Data for review section start
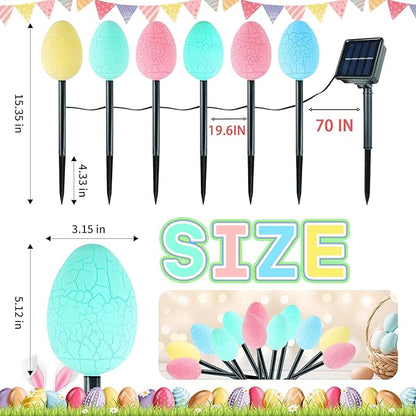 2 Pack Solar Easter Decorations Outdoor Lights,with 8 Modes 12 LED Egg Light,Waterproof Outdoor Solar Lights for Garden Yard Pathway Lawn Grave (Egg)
Data for review section end
Data for review section start
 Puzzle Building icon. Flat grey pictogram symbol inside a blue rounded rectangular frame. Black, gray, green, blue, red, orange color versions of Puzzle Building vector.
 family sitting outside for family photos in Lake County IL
Data for review section end
Data for review section start
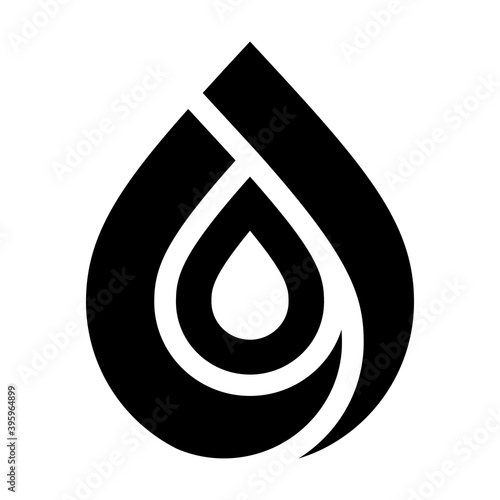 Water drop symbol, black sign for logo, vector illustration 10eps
Data for review section end
Beginning at the line above that contains "Puzzle Building icon.", return each line exactly through the line that contains "family sitting outside", and no others.

 Puzzle Building icon. Flat grey pictogram symbol inside a blue rounded rectangular frame. Black, gray, green, blue, red, orange color versions of Puzzle Building vector.
 family sitting outside for family photos in Lake County IL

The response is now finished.